[Your instructions]:
Every line in the listing below from the one with "Adidas Boys Grey" through the one with "World war 2, red" is to be reproduced exactly, both ends included; leave out the rest.

#### Material for this task ####

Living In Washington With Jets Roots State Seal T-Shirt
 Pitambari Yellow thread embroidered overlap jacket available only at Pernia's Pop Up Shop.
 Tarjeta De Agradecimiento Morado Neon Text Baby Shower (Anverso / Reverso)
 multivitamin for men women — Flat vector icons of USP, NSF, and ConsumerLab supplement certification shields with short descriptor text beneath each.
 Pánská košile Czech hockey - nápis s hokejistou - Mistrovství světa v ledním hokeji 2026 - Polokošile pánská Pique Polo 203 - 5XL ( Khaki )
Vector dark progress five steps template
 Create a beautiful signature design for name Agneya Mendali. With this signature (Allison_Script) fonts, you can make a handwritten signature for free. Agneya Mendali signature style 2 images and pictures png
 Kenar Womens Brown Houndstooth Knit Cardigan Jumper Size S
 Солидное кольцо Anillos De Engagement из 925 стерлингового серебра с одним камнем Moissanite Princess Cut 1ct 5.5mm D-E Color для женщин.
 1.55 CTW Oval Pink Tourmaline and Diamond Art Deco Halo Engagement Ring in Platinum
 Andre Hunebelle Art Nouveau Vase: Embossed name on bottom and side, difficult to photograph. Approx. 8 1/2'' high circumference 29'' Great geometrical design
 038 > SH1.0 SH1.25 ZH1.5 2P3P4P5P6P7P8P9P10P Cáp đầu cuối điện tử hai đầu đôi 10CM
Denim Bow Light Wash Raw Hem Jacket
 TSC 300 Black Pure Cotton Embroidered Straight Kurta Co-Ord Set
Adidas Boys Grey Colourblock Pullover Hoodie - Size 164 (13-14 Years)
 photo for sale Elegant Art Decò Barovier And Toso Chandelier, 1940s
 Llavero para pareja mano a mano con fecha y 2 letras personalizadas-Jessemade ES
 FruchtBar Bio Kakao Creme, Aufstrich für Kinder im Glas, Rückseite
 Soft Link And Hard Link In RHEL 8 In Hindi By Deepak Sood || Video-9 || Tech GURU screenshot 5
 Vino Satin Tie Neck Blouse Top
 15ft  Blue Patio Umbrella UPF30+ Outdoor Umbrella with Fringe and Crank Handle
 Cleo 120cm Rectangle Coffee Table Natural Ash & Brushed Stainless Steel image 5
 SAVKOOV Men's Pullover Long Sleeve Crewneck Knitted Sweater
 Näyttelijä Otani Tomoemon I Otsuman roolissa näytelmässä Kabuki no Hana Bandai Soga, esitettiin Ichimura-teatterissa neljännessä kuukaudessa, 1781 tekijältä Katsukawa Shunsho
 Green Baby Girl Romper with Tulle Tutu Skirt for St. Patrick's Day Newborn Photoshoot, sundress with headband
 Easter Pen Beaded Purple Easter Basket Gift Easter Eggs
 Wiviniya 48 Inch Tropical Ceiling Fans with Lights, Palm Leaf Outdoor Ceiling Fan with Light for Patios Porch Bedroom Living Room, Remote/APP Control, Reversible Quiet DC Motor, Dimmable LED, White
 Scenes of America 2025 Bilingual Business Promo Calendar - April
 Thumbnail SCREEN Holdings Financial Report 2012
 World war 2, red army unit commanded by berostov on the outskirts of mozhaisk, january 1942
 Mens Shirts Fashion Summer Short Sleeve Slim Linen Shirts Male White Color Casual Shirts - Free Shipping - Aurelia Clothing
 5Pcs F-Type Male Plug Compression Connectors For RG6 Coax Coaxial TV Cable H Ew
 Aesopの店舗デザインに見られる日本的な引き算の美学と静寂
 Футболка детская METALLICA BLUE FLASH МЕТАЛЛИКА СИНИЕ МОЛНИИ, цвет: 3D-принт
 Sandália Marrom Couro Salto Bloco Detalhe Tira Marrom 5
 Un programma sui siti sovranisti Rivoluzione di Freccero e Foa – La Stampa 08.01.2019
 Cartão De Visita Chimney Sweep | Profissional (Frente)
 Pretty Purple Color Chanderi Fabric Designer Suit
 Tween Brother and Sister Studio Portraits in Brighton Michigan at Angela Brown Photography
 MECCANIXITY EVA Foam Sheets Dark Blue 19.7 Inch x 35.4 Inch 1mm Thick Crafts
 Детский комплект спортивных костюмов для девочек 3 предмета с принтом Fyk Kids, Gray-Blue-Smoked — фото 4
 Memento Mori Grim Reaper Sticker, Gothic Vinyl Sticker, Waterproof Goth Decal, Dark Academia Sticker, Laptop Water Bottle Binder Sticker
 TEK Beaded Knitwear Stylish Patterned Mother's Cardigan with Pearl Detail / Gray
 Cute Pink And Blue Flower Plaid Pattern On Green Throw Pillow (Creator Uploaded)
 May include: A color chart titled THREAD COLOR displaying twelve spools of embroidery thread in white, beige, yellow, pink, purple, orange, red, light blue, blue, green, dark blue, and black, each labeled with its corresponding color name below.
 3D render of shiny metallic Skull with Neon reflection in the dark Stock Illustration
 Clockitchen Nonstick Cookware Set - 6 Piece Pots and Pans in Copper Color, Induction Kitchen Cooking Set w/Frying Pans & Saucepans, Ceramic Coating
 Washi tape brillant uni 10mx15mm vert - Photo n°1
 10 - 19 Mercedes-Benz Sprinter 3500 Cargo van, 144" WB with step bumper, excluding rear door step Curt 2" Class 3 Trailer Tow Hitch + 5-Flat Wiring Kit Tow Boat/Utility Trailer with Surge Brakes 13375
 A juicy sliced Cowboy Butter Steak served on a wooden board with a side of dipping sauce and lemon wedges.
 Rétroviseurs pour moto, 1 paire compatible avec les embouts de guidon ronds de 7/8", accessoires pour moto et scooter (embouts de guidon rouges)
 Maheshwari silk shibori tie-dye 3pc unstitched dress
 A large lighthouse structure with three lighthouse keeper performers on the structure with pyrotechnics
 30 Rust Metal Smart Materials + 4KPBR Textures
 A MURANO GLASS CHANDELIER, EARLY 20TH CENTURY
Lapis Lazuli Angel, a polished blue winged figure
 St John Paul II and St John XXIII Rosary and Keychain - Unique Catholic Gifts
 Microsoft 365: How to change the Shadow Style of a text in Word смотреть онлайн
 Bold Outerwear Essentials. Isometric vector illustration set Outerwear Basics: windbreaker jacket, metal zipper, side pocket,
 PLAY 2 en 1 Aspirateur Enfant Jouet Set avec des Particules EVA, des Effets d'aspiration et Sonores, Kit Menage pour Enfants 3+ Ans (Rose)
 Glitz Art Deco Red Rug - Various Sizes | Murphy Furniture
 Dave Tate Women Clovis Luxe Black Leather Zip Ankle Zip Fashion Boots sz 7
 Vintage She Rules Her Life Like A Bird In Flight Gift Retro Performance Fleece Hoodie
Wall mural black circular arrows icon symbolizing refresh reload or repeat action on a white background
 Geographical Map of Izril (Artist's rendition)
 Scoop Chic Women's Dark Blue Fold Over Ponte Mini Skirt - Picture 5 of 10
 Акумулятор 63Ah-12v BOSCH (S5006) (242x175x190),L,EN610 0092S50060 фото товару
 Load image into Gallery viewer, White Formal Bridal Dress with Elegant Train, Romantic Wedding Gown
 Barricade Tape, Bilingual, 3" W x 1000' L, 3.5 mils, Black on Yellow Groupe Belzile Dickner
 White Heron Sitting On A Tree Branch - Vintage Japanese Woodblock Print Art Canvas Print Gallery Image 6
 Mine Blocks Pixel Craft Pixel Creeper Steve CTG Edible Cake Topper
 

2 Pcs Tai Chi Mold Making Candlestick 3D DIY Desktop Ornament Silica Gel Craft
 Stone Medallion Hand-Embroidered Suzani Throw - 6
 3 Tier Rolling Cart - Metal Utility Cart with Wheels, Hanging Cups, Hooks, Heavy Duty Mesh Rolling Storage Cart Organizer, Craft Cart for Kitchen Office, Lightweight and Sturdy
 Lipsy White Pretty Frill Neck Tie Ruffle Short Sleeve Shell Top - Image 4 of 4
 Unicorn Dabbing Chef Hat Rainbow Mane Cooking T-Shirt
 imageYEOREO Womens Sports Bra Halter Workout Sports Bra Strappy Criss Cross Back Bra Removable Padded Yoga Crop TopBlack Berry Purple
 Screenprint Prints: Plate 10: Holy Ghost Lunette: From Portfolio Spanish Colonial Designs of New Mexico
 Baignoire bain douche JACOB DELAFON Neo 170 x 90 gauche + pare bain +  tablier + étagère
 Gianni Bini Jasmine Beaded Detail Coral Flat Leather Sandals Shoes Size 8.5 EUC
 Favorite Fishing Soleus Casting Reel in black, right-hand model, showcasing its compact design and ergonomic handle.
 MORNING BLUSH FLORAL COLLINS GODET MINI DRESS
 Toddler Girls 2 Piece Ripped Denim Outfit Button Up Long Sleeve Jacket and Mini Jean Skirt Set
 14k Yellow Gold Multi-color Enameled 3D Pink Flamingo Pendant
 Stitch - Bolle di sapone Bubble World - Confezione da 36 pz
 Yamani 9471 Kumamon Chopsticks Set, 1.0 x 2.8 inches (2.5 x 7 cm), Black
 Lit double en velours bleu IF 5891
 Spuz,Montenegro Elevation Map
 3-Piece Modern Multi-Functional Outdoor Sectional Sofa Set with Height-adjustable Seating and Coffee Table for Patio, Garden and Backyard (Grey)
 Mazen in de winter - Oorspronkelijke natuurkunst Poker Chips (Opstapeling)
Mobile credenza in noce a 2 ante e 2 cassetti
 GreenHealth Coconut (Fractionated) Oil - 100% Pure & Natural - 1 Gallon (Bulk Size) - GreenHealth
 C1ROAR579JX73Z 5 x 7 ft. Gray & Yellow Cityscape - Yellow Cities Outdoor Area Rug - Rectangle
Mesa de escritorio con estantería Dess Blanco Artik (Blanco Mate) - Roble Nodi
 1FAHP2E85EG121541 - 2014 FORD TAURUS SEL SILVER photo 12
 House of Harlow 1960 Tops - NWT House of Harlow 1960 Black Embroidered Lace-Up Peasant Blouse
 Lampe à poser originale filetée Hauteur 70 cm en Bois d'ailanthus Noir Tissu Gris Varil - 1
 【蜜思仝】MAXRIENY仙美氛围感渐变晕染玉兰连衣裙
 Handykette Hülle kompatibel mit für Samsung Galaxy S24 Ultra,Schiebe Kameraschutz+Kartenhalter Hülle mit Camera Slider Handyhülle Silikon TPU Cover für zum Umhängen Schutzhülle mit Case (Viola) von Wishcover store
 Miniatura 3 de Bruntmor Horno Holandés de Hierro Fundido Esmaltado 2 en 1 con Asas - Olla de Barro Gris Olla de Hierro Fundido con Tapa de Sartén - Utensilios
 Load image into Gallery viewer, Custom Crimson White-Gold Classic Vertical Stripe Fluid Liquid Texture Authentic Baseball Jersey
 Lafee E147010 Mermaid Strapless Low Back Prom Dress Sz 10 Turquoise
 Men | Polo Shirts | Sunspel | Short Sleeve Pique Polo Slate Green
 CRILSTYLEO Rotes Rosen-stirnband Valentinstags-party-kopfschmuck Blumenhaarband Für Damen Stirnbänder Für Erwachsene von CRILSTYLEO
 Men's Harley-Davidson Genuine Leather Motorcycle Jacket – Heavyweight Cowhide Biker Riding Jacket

####

[Output for this task]:
Adidas Boys Grey Colourblock Pullover Hoodie - Size 164 (13-14 Years)
 photo for sale Elegant Art Decò Barovier And Toso Chandelier, 1940s
 Llavero para pareja mano a mano con fecha y 2 letras personalizadas-Jessemade ES
 FruchtBar Bio Kakao Creme, Aufstrich für Kinder im Glas, Rückseite
 Soft Link And Hard Link In RHEL 8 In Hindi By Deepak Sood || Video-9 || Tech GURU screenshot 5
 Vino Satin Tie Neck Blouse Top
 15ft  Blue Patio Umbrella UPF30+ Outdoor Umbrella with Fringe and Crank Handle
 Cleo 120cm Rectangle Coffee Table Natural Ash & Brushed Stainless Steel image 5
 SAVKOOV Men's Pullover Long Sleeve Crewneck Knitted Sweater
 Näyttelijä Otani Tomoemon I Otsuman roolissa näytelmässä Kabuki no Hana Bandai Soga, esitettiin Ichimura-teatterissa neljännessä kuukaudessa, 1781 tekijältä Katsukawa Shunsho
 Green Baby Girl Romper with Tulle Tutu Skirt for St. Patrick's Day Newborn Photoshoot, sundress with headband
 Easter Pen Beaded Purple Easter Basket Gift Easter Eggs
 Wiviniya 48 Inch Tropical Ceiling Fans with Lights, Palm Leaf Outdoor Ceiling Fan with Light for Patios Porch Bedroom Living Room, Remote/APP Control, Reversible Quiet DC Motor, Dimmable LED, White
 Scenes of America 2025 Bilingual Business Promo Calendar - April
 Thumbnail SCREEN Holdings Financial Report 2012
 World war 2, red army unit commanded by berostov on the outskirts of mozhaisk, january 1942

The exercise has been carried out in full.